The Golem

The Golem

Format: Cinema

Screening date: 28 November 2012

With live piano duet accompaniment by Robin Harris and Laura Anstee

Venue: Barbican

Directors: Cark Boese, Paul Wegener

Writers: Henrik Galeen, Paul Wegener

Original title: Der Golem, wie er in die Welt kam

Cast: Paul Wegener, Albert Steinrück, Ernst Deutsch

Germany 1920

85 mins

Despite the best efforts of writer, actor and director Paul Wegener, the Golem has never quite achieved the status it deserves, lagging behind the vampires (F.W. Murnau’s Nosferatu, 1922), insane scientists (Robert Wiene’s The Cabinet of Dr Caligari, 1920) and disfigured fiends (Rupert Julian’s The Phantom of the Opera, 1925) that occupy the ‘first tier’ of silent movie monsters. Inspired equally by Hebrew mythology and 19th-century literature, Wegener’s 1920 classic Der Golem, wie er in die Welt kam (‘The Golem, and how he came into the world’), is the last of three Golem films he starred in, and the only one to survive. Like many of the iconic films of silent cinema, Der Golem has appeared in a variety of running times and print qualities, but restored and remastered versions are readily available.

Der Golem begins in 16th-century Prague, in the Jewish ghetto, where the Rabbi Loew foretells disaster for the Jewish people. Sure enough, the emperor announces that the Jews are to be driven from their homes.
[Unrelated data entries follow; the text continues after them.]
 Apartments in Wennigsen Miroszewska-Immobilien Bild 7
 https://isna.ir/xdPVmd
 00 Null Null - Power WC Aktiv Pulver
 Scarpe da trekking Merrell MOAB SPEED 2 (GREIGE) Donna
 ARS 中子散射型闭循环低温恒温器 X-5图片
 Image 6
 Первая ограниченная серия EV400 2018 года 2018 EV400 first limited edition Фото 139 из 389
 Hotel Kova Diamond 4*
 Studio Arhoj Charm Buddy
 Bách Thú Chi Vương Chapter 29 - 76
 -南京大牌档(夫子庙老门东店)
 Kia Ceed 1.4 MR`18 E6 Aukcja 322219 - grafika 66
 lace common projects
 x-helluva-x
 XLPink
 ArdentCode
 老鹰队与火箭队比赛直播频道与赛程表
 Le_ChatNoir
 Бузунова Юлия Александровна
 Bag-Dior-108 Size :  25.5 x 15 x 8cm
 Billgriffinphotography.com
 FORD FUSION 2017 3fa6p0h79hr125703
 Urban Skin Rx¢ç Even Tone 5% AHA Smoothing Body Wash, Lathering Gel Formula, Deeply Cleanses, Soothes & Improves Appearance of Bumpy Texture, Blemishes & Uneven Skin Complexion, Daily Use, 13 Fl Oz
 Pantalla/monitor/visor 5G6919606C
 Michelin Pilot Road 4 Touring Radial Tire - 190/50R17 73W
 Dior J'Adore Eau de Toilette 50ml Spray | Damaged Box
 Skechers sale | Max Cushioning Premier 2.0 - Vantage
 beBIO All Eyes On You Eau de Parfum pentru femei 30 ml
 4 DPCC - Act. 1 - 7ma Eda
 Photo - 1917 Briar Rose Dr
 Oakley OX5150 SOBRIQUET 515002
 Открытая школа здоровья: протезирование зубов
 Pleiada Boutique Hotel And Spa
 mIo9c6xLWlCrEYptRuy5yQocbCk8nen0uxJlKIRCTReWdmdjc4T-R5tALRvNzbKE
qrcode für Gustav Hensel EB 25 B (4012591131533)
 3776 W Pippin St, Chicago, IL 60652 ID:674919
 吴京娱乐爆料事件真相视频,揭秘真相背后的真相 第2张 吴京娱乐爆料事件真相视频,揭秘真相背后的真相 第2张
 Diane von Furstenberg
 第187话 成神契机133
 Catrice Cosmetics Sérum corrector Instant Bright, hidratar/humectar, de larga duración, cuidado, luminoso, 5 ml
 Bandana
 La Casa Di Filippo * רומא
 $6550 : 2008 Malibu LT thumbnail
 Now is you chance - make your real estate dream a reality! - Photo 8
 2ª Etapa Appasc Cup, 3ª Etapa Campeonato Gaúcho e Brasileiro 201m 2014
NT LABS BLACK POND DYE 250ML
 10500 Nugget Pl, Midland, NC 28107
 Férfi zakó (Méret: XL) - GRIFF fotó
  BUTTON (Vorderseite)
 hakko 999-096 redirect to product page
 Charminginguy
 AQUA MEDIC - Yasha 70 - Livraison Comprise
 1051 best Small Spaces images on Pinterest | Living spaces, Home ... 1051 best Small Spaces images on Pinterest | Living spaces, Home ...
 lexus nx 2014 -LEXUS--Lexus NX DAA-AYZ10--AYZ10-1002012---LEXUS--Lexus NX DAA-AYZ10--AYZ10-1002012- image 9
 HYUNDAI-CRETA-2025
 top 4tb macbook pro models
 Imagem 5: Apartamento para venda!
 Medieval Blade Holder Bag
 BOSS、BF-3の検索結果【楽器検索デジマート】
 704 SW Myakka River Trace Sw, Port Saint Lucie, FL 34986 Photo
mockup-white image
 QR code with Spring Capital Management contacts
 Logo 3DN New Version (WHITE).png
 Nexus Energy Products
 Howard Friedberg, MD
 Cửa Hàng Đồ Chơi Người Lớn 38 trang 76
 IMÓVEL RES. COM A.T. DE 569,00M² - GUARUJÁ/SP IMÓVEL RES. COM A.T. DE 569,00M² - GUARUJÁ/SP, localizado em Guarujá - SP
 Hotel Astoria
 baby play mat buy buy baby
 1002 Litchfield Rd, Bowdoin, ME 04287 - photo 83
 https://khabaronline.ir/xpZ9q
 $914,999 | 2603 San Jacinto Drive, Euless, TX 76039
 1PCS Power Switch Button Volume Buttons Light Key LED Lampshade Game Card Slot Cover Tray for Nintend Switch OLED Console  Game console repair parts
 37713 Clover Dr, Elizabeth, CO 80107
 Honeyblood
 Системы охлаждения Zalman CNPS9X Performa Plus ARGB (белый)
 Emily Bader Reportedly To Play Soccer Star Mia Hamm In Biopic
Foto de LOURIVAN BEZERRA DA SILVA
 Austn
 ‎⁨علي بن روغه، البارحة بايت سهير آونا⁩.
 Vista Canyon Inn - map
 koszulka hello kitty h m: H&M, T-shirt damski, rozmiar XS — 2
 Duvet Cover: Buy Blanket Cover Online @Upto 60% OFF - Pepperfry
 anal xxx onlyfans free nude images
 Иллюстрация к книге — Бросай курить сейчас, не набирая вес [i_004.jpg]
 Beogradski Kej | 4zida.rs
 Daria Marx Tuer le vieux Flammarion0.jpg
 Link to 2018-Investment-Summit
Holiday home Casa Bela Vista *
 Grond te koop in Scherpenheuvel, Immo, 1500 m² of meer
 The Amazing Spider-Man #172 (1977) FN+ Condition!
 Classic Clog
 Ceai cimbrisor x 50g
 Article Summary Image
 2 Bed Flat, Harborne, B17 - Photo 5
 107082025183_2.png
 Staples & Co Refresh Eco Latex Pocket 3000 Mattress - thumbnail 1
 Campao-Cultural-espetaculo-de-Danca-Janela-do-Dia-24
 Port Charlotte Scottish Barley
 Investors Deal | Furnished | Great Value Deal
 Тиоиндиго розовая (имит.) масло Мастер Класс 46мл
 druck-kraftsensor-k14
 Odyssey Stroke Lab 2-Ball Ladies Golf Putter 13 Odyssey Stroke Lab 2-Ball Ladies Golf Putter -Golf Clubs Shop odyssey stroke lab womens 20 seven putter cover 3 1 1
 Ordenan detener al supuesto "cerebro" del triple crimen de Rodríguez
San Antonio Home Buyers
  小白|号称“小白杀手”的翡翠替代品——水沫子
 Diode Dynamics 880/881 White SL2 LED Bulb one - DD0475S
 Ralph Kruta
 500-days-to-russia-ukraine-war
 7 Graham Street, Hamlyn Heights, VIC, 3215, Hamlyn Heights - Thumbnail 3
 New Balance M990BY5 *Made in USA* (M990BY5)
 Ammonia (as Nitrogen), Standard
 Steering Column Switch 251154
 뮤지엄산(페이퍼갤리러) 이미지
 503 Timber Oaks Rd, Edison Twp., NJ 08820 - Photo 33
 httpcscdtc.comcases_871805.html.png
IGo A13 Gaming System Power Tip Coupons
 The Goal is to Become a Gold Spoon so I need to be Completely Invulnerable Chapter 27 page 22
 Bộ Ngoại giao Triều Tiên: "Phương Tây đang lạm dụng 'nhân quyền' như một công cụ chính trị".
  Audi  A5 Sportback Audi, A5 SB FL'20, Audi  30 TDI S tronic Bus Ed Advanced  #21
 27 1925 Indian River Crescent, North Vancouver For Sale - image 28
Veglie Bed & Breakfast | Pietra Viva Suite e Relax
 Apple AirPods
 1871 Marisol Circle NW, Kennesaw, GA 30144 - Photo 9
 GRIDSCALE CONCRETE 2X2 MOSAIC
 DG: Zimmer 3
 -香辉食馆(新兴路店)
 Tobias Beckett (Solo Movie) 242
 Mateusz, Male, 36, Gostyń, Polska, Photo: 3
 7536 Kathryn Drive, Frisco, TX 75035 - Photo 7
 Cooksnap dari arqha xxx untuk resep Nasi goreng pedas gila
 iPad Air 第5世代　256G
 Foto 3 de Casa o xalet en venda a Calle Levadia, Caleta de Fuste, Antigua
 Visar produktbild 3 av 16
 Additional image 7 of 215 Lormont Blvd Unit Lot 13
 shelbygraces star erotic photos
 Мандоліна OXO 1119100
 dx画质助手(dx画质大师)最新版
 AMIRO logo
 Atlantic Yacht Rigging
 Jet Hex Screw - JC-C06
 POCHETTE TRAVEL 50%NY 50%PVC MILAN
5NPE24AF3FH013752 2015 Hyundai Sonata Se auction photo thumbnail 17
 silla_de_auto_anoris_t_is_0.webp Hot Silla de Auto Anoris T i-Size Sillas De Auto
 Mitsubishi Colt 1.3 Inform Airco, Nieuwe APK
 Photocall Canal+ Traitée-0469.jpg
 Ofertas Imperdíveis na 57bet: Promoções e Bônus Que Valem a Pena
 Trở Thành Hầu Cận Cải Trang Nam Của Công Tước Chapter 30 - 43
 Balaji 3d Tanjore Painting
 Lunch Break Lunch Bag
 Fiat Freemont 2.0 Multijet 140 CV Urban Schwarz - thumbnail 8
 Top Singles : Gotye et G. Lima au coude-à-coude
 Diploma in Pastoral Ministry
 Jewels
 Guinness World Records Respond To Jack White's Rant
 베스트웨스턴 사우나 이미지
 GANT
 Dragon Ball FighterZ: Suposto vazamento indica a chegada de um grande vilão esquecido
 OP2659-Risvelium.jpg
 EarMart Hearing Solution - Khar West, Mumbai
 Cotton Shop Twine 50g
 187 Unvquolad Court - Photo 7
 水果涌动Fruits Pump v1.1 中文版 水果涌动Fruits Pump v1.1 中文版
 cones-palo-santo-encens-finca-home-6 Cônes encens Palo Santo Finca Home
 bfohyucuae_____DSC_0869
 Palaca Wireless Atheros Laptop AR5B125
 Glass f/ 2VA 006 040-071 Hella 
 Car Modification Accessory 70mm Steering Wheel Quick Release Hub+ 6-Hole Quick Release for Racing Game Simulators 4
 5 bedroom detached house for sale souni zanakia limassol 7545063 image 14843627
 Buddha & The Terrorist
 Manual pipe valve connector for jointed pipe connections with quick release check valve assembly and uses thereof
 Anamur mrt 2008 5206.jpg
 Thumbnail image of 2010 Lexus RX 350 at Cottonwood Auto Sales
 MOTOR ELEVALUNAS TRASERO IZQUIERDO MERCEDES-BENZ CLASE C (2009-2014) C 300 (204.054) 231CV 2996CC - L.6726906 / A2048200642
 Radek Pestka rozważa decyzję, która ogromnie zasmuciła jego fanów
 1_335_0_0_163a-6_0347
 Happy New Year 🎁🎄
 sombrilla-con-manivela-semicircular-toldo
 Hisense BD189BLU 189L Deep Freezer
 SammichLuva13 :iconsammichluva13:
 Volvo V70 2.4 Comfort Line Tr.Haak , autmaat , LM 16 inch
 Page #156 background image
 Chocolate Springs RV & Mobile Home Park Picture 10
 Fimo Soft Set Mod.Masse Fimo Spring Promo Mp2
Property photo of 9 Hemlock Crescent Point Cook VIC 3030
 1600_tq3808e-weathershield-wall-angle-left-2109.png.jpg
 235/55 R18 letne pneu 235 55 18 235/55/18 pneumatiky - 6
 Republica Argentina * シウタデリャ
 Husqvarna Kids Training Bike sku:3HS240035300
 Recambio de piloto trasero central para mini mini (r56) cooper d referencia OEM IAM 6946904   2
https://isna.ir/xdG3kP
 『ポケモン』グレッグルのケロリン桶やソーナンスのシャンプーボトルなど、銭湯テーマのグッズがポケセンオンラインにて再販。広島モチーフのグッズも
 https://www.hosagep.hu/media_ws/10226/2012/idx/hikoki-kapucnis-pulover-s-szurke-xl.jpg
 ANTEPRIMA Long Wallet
In order to protect his people the Rabbi creates the Golem, a stone being reanimated by the demon Astaroth. The Rabbi takes the Golem to the imperial court, where the assembled company are suitably impressed. After the creature prevents the palace roof from falling on their heads, the emperor agrees to let the Jews remain in their homes. Unfortunately the Golem is later possessed by Astaroth, who allows it to rampage through the streets of Prague, burning and destroying.

Although he co-directed Der Golem with Carl Boese, Wegener’s most important contribution to the film is his performance as the Golem itself. Despite portraying a creature made of stone, he manages to create a surprising level of emotional expression, primarily through his eyes. A victim of man’s weaknesses, the Golem is the archetype for all subsequent tragic creatures, most obviously Boris Karloff’s monster in James Whale’s classic Frankenstein (1931). After Wegener’s Golem, architect Hans Poelzig’s set design is the star of the film; his portrayal of the sprawling Prague ghetto is nothing short of incredible. A riot of lopsided angles and bizarre shapes, it’s one of the finest cinematic cityscapes ever created.

Like a great deal of Der Golem, Poelzig’s designs have been tremendously influential. Edgar G. Ulmer’s surreal horror-noir The Black Cat (1934) appropriated both the architect’s images and his name for Boris Karloff’s satanic villain, Hjalmar Poelzig. It has sometimes been claimed that Ulmer worked on Der Golem – often by the man himself – either as a set builder under Poelzig or as a cameraman under visionary cinematographer Karl Freund, but corroboration for such assertions is scant. Already one of the most sought-after cinematographers in Europe, Freund would later work on Fritz Lang’s science-fiction masterpiece Metropolis (1927), as well as several of F.W. Murnau’s greatest films. After moving to Hollywood in 1929 Freund shot Tod Browning’s genre classic Dracula (1931), before directing The Mummy (1932), a sombre mood piece that has much in common with Wegener and Boese’s Der Golem.

Periodically, news surfaces of a possible remake of the story of the Golem – Italian special effects maestro Sergio Stivaletti has often said he would love to direct a new version – but so far nothing has become of such rumours.

This screening is part of the Step into the Dark season of films exploring dystopia, the sublime and the surreal at the Barbican throughout November.